══ Provided records

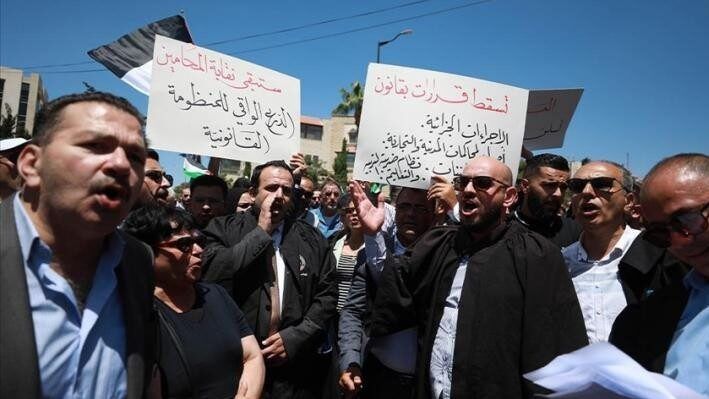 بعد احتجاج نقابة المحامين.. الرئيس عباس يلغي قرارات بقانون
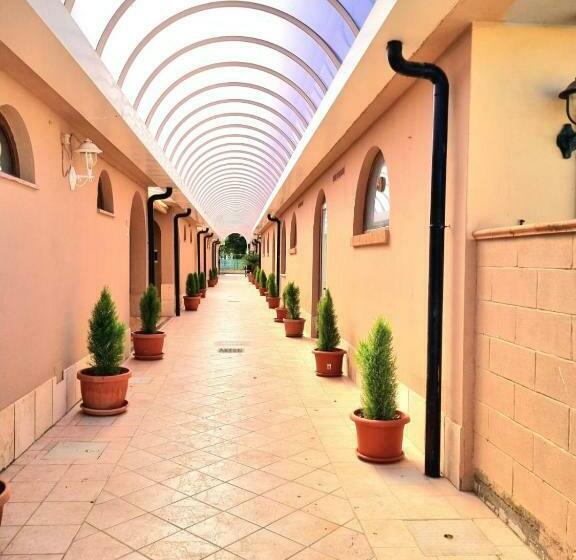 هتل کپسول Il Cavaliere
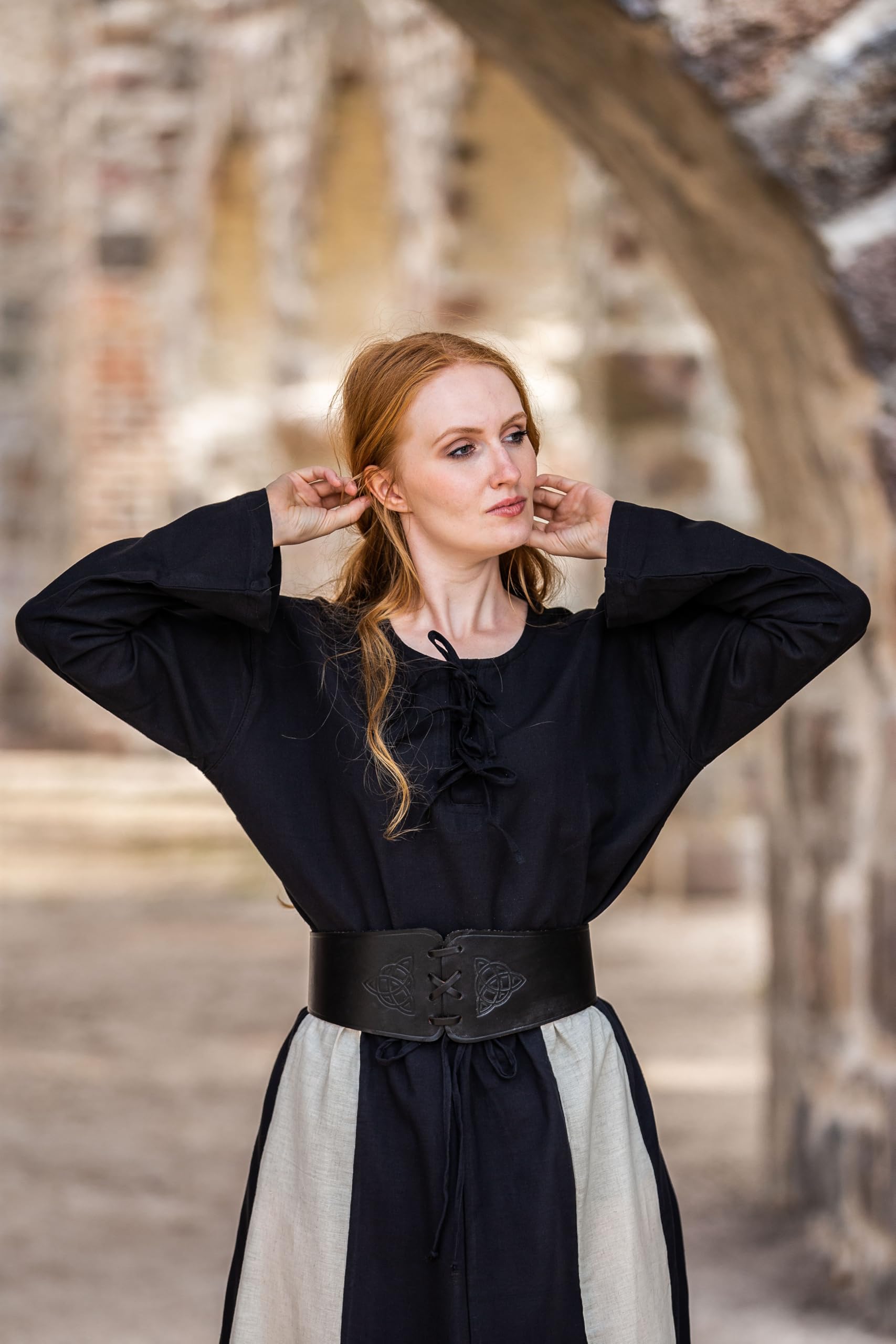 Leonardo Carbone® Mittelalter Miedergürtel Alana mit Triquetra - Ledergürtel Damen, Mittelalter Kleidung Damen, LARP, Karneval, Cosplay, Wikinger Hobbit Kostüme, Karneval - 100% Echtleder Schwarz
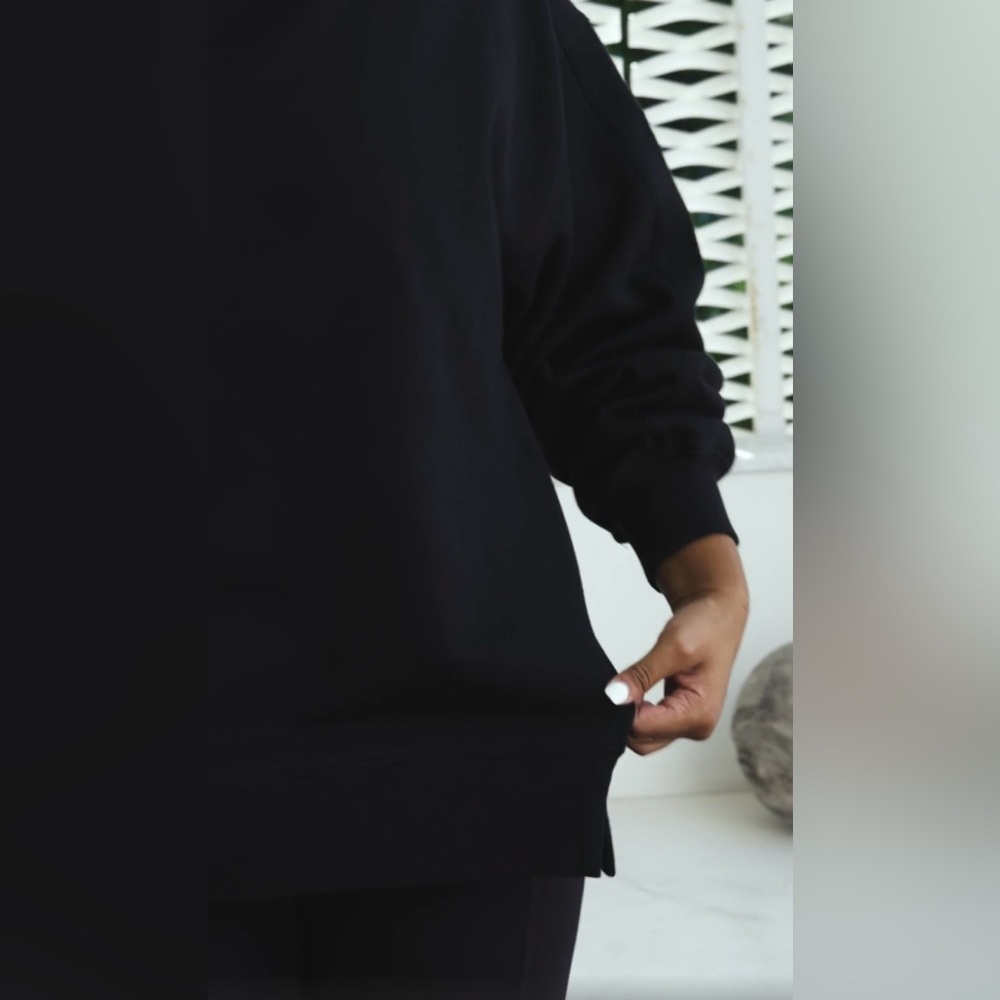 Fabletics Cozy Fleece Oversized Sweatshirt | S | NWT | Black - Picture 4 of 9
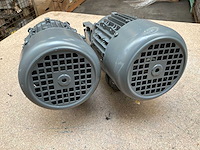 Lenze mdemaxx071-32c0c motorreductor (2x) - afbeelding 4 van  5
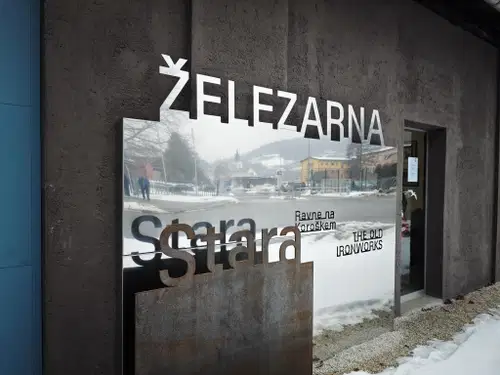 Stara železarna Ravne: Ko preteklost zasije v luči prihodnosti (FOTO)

════

Set the pictures aside and transcribe the data above exactly.

● **Task solution**:
 بعد احتجاج نقابة المحامين.. الرئيس عباس يلغي قرارات بقانون
 هتل کپسول Il Cavaliere
 Leonardo Carbone® Mittelalter Miedergürtel Alana mit Triquetra - Ledergürtel Damen, Mittelalter Kleidung Damen, LARP, Karneval, Cosplay, Wikinger Hobbit Kostüme, Karneval - 100% Echtleder Schwarz
 Fabletics Cozy Fleece Oversized Sweatshirt | S | NWT | Black - Picture 4 of 9
 Lenze mdemaxx071-32c0c motorreductor (2x) - afbeelding 4 van  5
 Stara železarna Ravne: Ko preteklost zasije v luči prihodnosti (FOTO)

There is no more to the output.